4. NCBTMB announces a change in energy work acceptance, introduces new instructor qualifications. June 19, 2017. To understand the changes, you can access the full statement on the NCBTMB website.
STUDIES, ARTICLES, and RESOURCES
I receive a weekly update on anything published anywhere on the internet that includes information about teaching and learning. Much of it is personal blogs, stories about athletes that are injured, etc., but some of the information can be helpful to practitioners. I try to glean the best of the information and provide a brief synopsis of the information and a link to find the full item yourself. If you have any problems with the links, please let me know, or if you come across any information that you think would be good to share, please also feel free to pass that information along to: email@example.com
1.What is “Transfer of Learning” and “How does it help students?” Youtube video. Description: Schools tend to measure student learning with grades and report cards, but how can educators be sure what they teach will stick with students once they leave the classroom? In this video explainer, Larry Ferlazzo, from the Education Week Teacher blog Classroom Q&A With Larry Ferlazzo, shares five ways educators can facilitate Transfer of Learning to help students make connections across subject areas and in the world beyond the schoolhouse walls.

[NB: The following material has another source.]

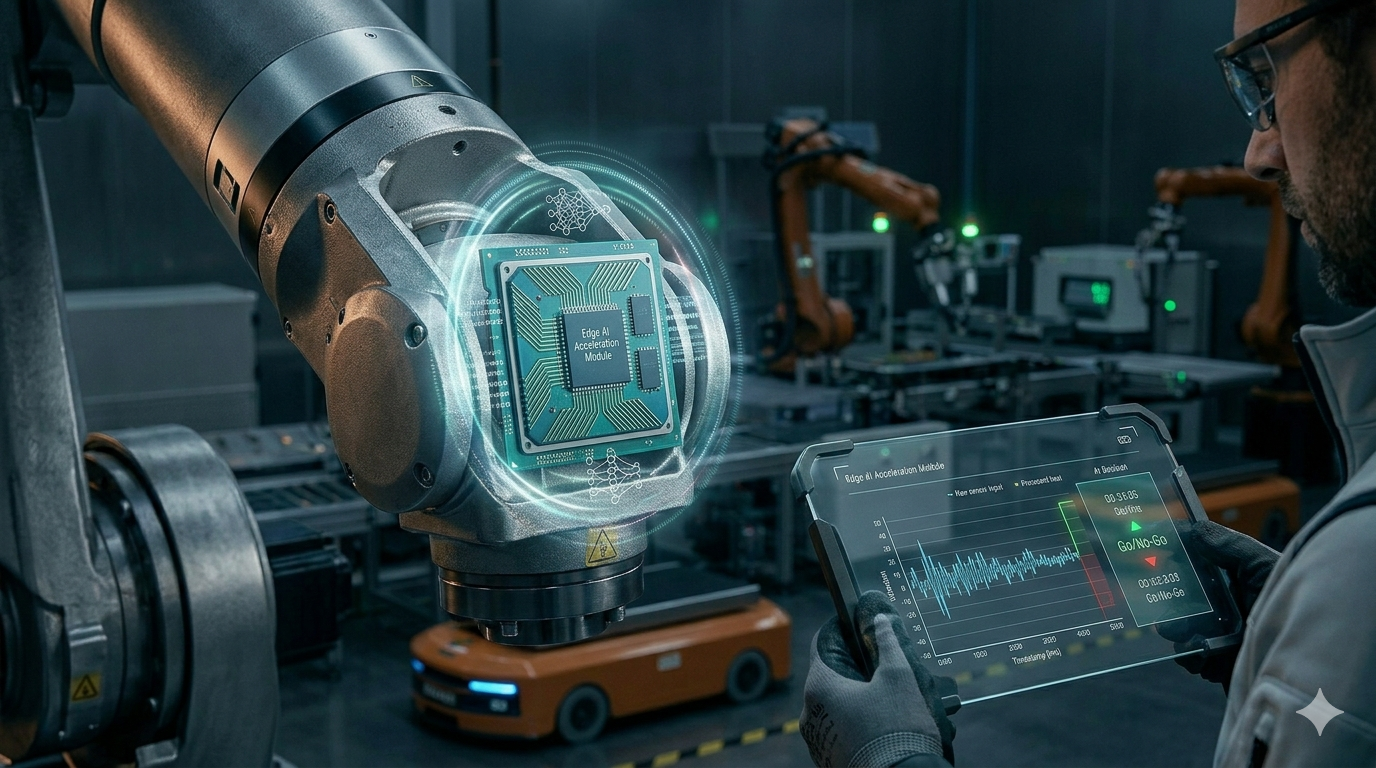 Primer plano macro de un chip de procesamiento avanzado montado sobre un componente mecánico industrial. Circuitos integrados y filamentos de luz cian recorren la superficie metálica de la máquina, representando la integración de la Inteligencia Artificial en el borde (Edge AI). El fondo muestra una planta de producción desenfocada, manteniendo el foco en la tecnología de computación de proximidad.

2. Kathy Paholsky, in her course “Assessing Skills & Abilities Through Oral & Practical Exams”, offered through the AMTA, addresses “How massage therapy instructors can better align student assessments with the knowledge, skills and abilities they’re expected to absorb in the classroom.” The course is available as a pdf to be downloaded and provides wonderful suggestions and resources.

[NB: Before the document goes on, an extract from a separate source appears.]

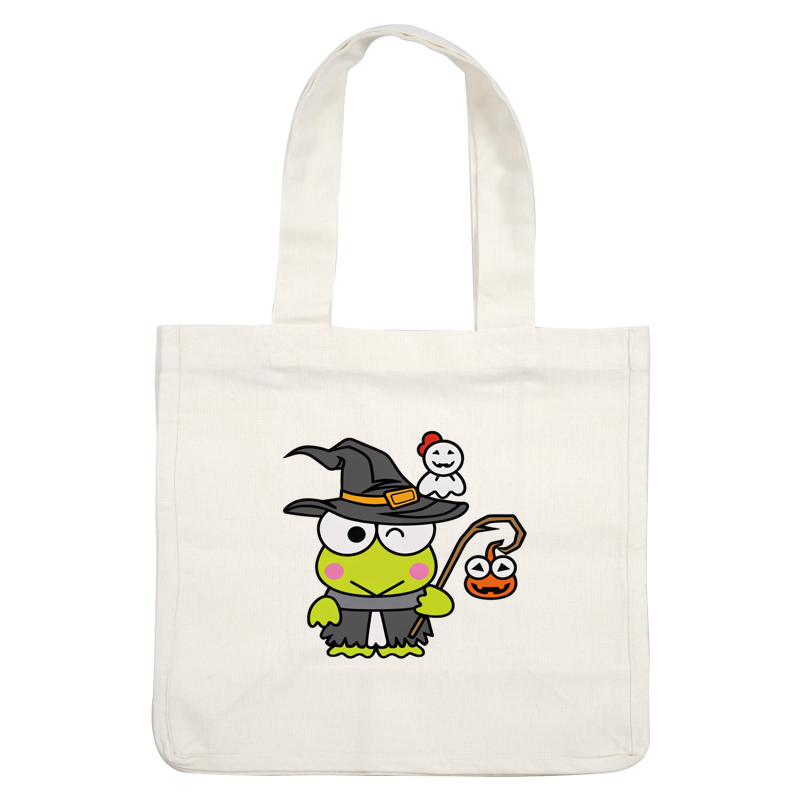 Una rana verde caprichosa con sombrero y capa de bruja sostiene una linterna espeluznante, acompañada por un fantasma amigable.Transferencias DTF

3. Critical Thinking Learning Models: Analyzing and Assessing Thinking reviews why the analysis of thinking is important. According to the writers, all thinking is defined by the eight elements that make it up: whenever we think, we think for a purpose within a point of view based on assumptions leading to implications and consequences. We use concepts, ideas and theories to interpret data, facts, and experiences in order to answer questions, solve problems, and resolve issues. The eight components:
- generates purposes
- raises questions
- uses information
- utilizes concepts
- makes inferences
- makes assumptions
- generates implications
- embodies a point of view
The article includes a number of online exercises and demonstrations to enhance understanding.
4. Educational Technology and Mobile Learning provides a handy chart featuring over 30 iPad apps for students with special needs. The chart was created in 2016, so some may no longer be accurate, but it is a helpful resource.
5. Trying to create presentations on an iPad? There is an app called Engage. You can see a brief introduction.